RFC: removing thread safety from localrepository class

Matt Mackall mpm at selenic.com
Mon Aug 10 15:29:08 CDT 2015


On Sun, 2015-08-02 at 14:39 -0700, Gregory Szorc wrote:
> Currently, localrepository is theoretically thread safe. There is various
> code that jumps through hoops to try to provide this guarantee (see
> revlog.revision()).
> 
> Thread safety is hard. There are various bugs around hgweb not being
> threadsafe (often seems to involve files like caches that are outside
> locks). And, I bet there are many more bugs waiting to be filed.
> Maintaining thread safety on a large code base is cognitively difficult.
> For Mercurial, it's an additional layer of data isolation that must be
> considered when writing any code (there are already locks to prevent
> inter-process contention).
> 
> The CPython GIL significantly limits performance benefits of multi-threaded
> code when CPU intensive Python code is executed. You can get significant
> benefits in some scenarios (e.g. using threads for reading and writing to
> sockets). But I argue the benefits to Mercurial are slim to none.
> 
> Given the complexity of maintaining thread safety of localrepository and
> the limited benefits of multi-threaded Mercurial, I'd like to propose that
> we drop support for thread safety of localrepository.
> 
> We can still support multi-threaded code in server processes, but it will
> use separate localrepository instances for each concurrent request. This
> may drop performance of servers in this configuration a little bit. But
> let's be honest: if you want good Mercurial performance, you should be
> running multiple processes - not threads - on your server.
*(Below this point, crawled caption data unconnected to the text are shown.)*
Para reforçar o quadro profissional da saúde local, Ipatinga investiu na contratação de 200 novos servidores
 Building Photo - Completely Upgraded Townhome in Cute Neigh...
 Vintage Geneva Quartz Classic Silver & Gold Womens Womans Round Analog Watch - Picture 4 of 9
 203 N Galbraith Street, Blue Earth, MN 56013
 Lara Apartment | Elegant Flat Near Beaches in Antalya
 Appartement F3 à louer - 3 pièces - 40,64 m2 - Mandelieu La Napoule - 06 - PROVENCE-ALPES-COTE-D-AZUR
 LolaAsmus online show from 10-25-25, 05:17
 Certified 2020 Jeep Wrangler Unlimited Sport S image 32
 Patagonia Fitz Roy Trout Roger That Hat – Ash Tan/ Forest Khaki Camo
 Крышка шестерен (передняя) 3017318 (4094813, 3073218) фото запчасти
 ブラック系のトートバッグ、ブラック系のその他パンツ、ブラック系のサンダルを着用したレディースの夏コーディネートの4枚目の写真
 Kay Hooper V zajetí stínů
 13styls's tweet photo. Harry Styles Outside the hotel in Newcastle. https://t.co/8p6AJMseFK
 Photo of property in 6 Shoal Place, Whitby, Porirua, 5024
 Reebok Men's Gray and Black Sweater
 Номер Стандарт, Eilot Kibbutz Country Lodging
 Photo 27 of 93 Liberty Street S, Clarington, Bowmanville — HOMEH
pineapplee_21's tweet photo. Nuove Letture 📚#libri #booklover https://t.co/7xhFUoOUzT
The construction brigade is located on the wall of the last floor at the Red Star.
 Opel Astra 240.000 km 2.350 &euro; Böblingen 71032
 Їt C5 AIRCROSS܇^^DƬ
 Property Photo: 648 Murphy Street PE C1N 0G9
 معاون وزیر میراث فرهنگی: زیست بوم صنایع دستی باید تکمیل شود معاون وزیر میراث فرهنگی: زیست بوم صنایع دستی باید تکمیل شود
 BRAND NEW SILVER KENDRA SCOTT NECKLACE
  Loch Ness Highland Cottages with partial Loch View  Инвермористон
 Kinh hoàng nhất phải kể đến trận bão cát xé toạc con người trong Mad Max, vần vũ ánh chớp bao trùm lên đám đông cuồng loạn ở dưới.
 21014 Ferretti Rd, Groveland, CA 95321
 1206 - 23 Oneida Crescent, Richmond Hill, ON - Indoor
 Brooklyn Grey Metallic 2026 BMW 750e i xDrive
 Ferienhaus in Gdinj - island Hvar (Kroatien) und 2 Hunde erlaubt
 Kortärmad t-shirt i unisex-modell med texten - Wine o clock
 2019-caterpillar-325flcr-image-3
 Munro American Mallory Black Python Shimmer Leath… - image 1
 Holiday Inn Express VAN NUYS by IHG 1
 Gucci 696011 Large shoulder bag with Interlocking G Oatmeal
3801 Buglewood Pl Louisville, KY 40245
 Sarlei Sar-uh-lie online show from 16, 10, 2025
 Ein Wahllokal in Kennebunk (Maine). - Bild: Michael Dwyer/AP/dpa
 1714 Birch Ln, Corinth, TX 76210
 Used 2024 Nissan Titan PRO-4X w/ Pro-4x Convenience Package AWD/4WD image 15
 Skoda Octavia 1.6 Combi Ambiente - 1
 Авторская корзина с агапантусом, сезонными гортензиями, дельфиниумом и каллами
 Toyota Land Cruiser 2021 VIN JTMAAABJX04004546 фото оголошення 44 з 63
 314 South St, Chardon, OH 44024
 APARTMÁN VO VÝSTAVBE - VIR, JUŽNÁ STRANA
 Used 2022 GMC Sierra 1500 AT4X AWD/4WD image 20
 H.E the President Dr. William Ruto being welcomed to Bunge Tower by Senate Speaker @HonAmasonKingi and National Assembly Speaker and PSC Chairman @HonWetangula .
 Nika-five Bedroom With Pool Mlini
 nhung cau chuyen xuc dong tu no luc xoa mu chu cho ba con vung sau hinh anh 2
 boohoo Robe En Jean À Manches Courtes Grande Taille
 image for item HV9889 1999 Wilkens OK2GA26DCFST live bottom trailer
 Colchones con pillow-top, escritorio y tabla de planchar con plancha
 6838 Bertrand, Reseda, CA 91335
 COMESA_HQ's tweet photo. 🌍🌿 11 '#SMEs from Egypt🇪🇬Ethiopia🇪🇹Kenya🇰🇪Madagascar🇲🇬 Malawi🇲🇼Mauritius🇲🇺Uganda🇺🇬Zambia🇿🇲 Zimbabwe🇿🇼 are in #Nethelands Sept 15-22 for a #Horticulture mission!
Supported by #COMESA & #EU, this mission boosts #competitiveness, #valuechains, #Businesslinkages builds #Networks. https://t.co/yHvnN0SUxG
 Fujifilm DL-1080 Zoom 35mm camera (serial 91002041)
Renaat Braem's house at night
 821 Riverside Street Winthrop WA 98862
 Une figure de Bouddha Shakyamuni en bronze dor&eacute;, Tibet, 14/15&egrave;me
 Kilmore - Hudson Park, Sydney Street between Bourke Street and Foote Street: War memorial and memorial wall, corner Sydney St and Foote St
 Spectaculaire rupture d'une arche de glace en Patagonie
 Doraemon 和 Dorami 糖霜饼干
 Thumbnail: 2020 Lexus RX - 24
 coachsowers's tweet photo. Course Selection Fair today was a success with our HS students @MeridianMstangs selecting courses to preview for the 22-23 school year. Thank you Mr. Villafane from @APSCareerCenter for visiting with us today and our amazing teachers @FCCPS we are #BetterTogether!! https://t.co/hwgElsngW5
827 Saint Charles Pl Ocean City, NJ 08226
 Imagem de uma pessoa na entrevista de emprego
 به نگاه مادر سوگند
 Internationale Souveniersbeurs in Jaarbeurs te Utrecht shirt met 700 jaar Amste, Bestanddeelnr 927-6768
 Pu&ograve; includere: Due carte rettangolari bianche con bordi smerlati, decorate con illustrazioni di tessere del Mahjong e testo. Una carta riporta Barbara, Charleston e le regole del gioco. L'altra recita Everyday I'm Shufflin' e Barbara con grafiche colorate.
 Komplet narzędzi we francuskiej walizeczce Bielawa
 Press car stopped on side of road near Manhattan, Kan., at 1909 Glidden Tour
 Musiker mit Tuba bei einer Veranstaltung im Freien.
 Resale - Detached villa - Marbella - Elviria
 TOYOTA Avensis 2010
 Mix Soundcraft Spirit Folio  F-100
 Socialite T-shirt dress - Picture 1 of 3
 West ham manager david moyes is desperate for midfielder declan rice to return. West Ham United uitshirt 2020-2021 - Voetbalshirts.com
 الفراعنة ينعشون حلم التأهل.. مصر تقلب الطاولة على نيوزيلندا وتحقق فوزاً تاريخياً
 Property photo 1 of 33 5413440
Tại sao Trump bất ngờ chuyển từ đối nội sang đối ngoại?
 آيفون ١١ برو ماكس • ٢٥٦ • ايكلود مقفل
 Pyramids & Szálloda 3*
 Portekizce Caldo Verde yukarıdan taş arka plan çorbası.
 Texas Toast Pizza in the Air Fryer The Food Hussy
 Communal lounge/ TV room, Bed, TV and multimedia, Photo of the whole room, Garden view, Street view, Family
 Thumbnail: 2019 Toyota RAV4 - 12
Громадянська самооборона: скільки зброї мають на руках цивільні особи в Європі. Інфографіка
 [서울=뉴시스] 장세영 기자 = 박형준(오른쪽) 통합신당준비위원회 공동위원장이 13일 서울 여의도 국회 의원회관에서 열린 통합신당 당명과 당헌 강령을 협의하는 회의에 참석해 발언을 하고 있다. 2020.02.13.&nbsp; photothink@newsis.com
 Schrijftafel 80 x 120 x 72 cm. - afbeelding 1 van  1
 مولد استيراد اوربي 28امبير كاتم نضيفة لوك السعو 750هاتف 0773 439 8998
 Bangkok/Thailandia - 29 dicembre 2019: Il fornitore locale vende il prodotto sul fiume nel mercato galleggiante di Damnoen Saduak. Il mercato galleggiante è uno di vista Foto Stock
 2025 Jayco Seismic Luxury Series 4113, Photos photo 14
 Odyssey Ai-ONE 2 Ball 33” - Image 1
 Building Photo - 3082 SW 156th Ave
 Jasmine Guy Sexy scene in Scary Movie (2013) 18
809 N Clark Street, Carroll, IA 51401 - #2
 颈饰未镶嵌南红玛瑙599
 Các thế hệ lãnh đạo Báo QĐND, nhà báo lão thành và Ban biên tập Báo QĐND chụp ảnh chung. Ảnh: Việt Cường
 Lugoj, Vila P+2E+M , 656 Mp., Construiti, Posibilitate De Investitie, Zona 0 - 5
I think it's not a little bit for lots of users. If I recall correctly,
WSGI and processes on Windows with Apache or IIS is not even an
available option (due to lack of a fork()-like operation). If we're
being honest, you should of course flush Windows from your IT
operations, but we're not being honest, we're being practical.

> Dropping thread safety of localrepository will open up the door for things
> like more aggressive caching of revlog content, which is the impetus for
> this request. For example, when adding revlog entries, we need to flush and
> reopen the revlog if we want to read just-written data. I'd love to make
> this code perform better. Doing so requires a more robust caching layer.
> And implementing a thread safe cache will be a lot of work. I'd rather not
> have that requirement.
> 
> Can we drop thread safety from localrepository instances?

I can see doing this if we have an instance pool so that we don't have
to pay the cost of instantiating a repo on EVERY request.

-- 
Mathematics is the supreme nostalgia of our time.